Hi Marco,

>
>My intention is not to eliminate a tunnel that exists in any of the
>tunnel management
>protocols (aka MIP6, PMIP6, ..). My picture of DMM primarily distributes
>topological
>anchor point for the MN's IP address(es). Forget about the C-plane for
>now.
>Tunnels apply solely below (well, towards access) such anchor.
>If we distribute them to an extreme, they are placed on radio access
>points and
>the tunnel disappears. Then we arrive at Pete's model. If anchor points
>are somewhere
>above, say in the backhaul, the tunnel remains at least between the
>anchor and some node in
>the access (network based mobility mgmnt) or the MN (host based mobility
>mgmnt).


Ok. 

Distributing topological anchor points at the access edge can be done
today without any new standards extensions.

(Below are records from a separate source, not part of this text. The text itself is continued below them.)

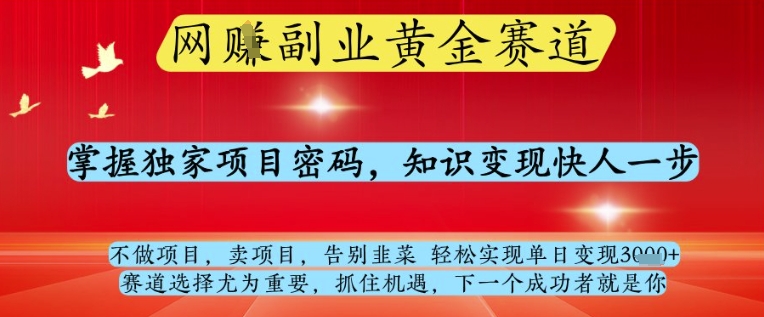 网创副业黄全赛道，掌握独家项目密码，知识变现快人一步，告别韭菜轻松实现单日变现1k+【揭秘】-大可网创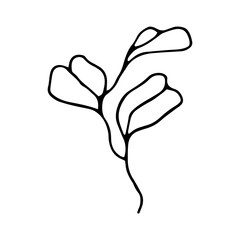 Poster - Leaf hand drawn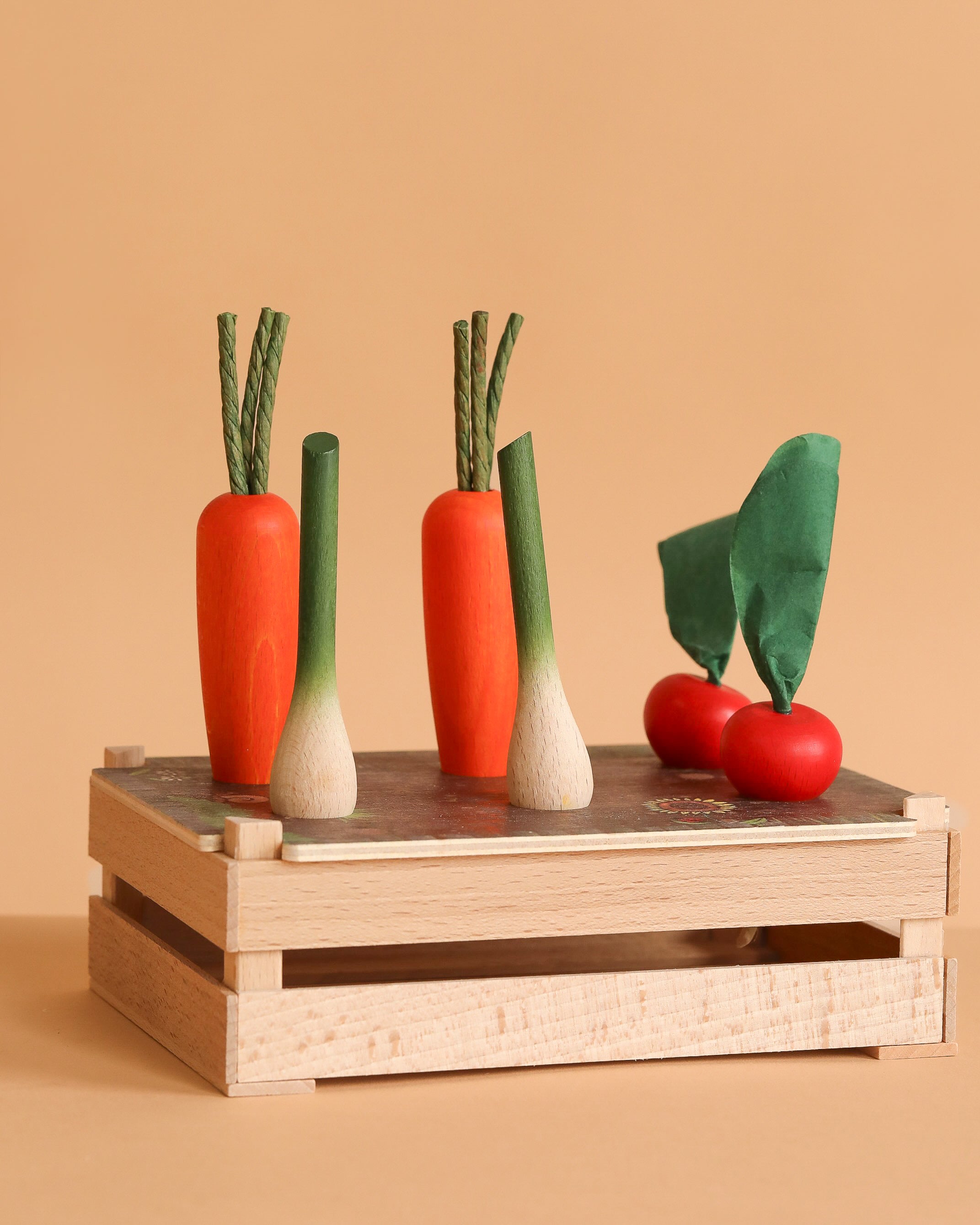 Erzi Vegetable Patch Garden Set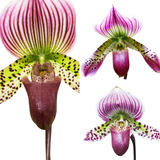 Orquidea Sapatinho Paphiopedilum Kit C/3 Mudas Exoticas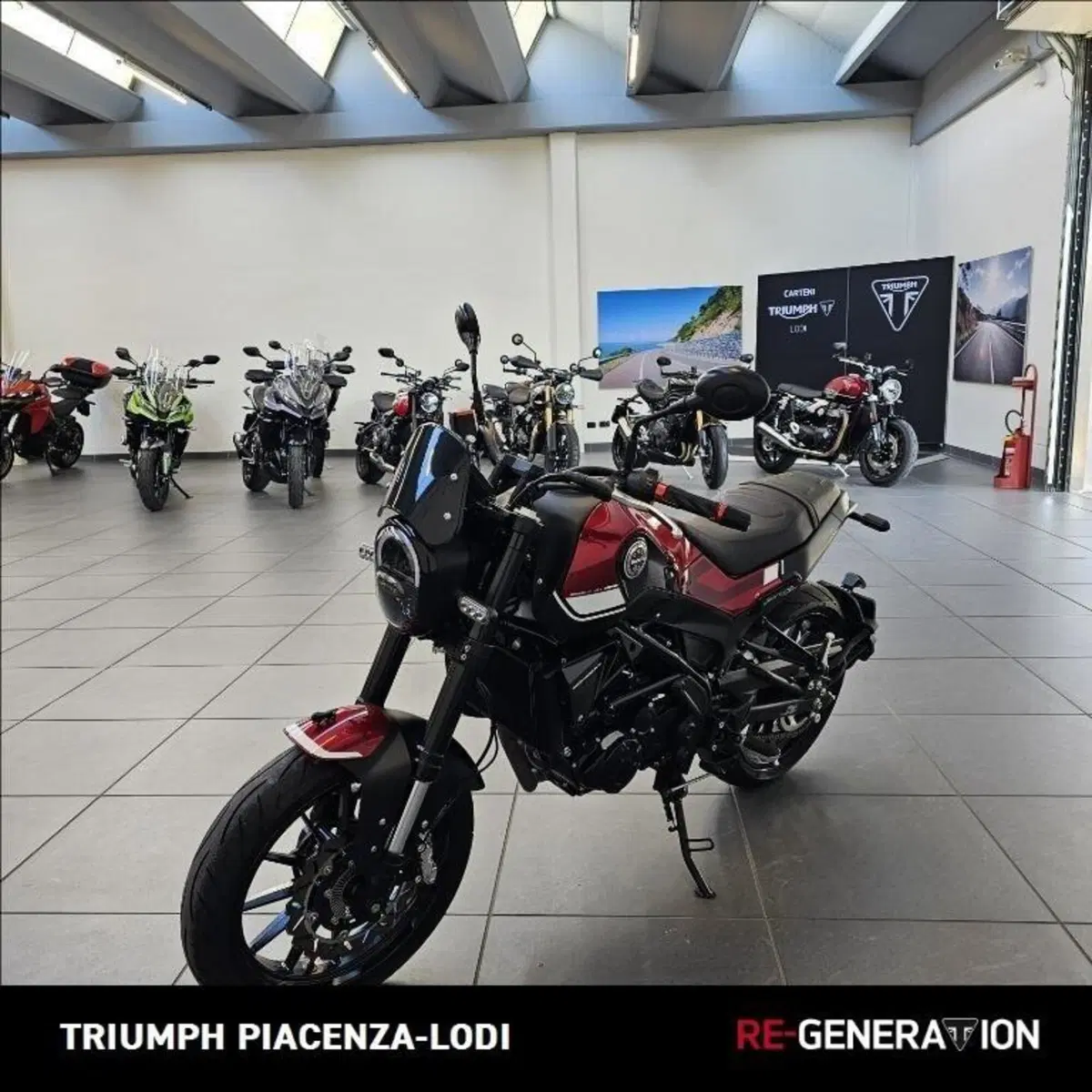 Benelli Leoncino 250 (2019 - 20) (2)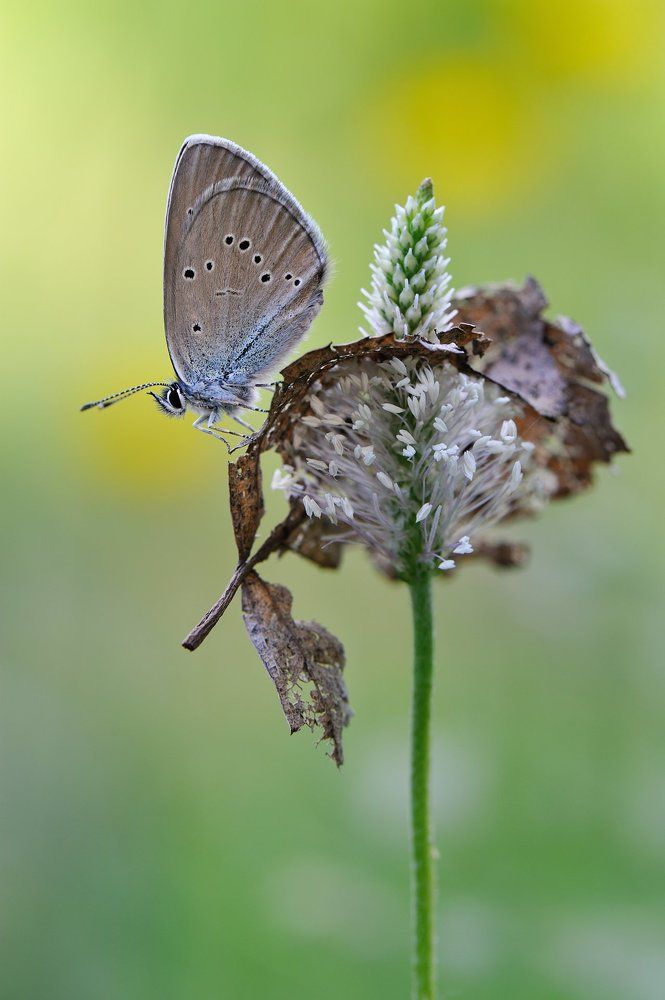 Торжество жизни.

This is more about deployment
and selection of a gateway at the access edge. But, any time the MN moves
and attaches to a different point in the network, that tunnel and the CP
is expected to be there between the previous home-anchor and the current
access-anchor. But, here, the proposals hide the tunnel (at the initial
attachment point and what can be argued as a home link and which is fine),
but when the MN moves the session is re-anchored to a different gateway
with a churn in the routing infrastructure and with major impact to policy
plane. So, there is no tunnel and there is no CP in this model.


>
>I think none of the proposals wants to discuss away the tunnels as per
>MIP/PMIP. But above
>anchor level, regular routing applies to plain data packets of the
>U-Plane.
>A key component for DMM, IMO, is how to accomplish that routing towards
>the MN's current anchor point, even if the anchored IP address is
>topologically incorrect.
>To accomplish this, my intent is to not introduce tunnels above anchor
>level.
>So, it's not about eliminating tunnels, but it is about not introducing
>tunnels
>where never have been tunnels before :-)


:) If you can show this working without re-anchoring the session to a
different gateway, then I will agree. You see this from the point of view
of IP routing, but I'm looking for that subscriber session which I'm not
able to find.
 
Tunnels hide the topology and make that reachability work; it gives me a
stable anchor point that my operator can manage my session.